[Assignment] Every entry below should appear in the answer exactly as written, apart from the pictures.
Segment Start: The data
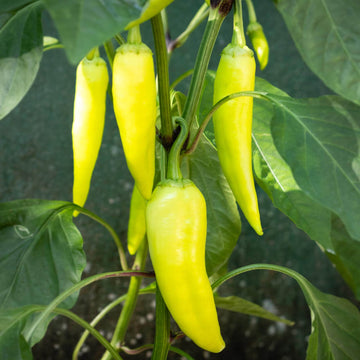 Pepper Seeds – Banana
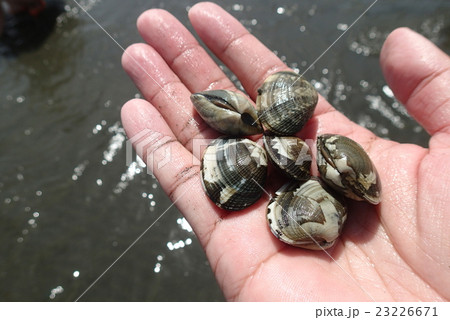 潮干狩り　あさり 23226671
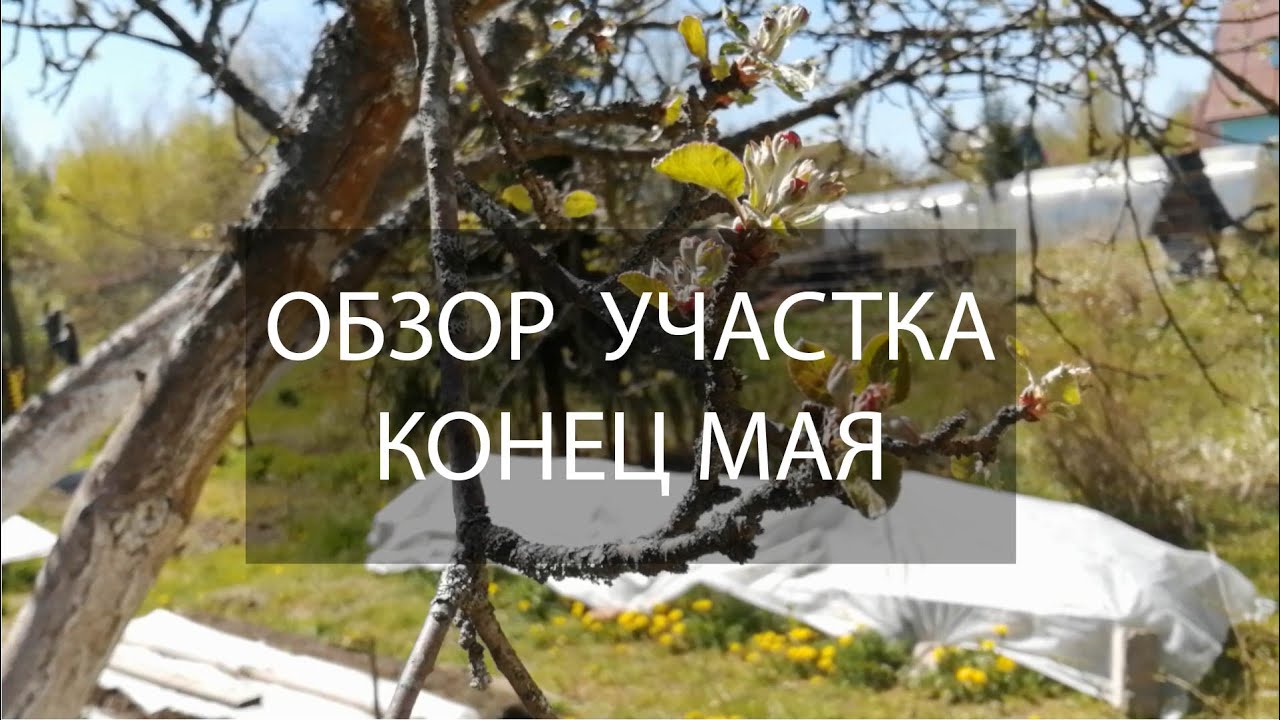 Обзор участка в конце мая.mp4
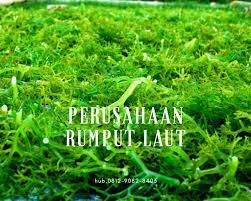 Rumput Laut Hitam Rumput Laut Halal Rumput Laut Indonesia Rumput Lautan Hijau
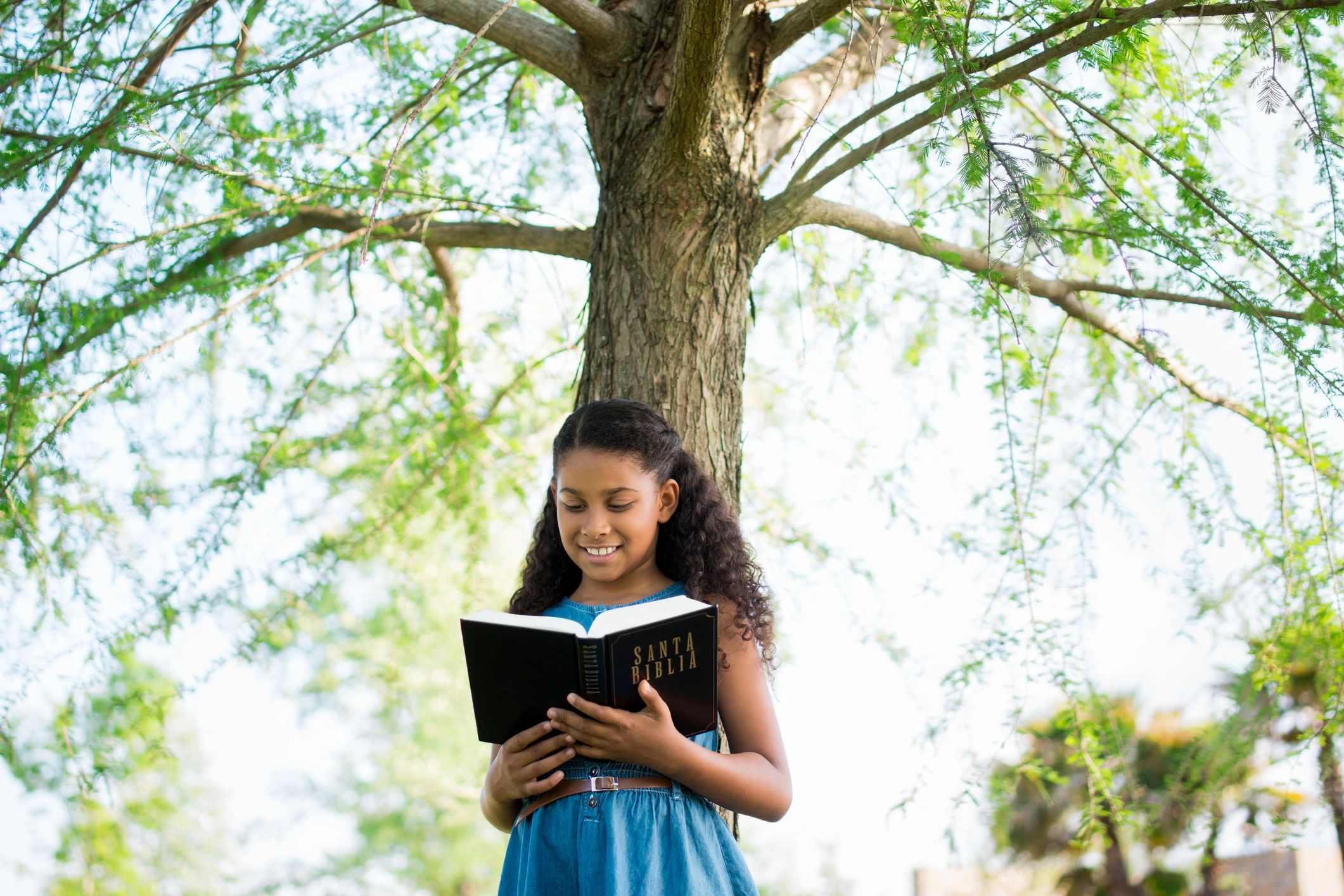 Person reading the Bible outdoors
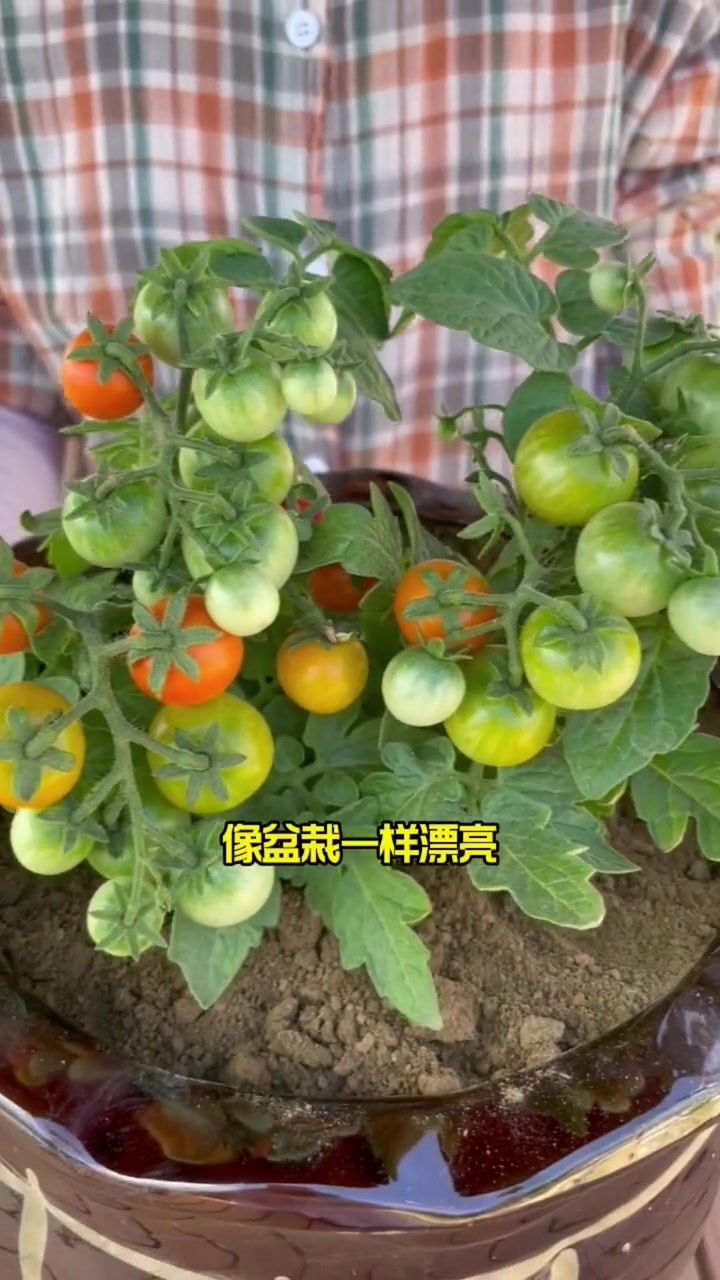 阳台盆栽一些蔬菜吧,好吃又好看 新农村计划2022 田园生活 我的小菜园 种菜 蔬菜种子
Segment End: The data
[Solved problem]
 Pepper Seeds – Banana
 潮干狩り　あさり 23226671
 Обзор участка в конце мая.mp4
 Rumput Laut Hitam Rumput Laut Halal Rumput Laut Indonesia Rumput Lautan Hijau
 Person reading the Bible outdoors
 阳台盆栽一些蔬菜吧,好吃又好看 新农村计划2022 田园生活 我的小菜园 种菜 蔬菜种子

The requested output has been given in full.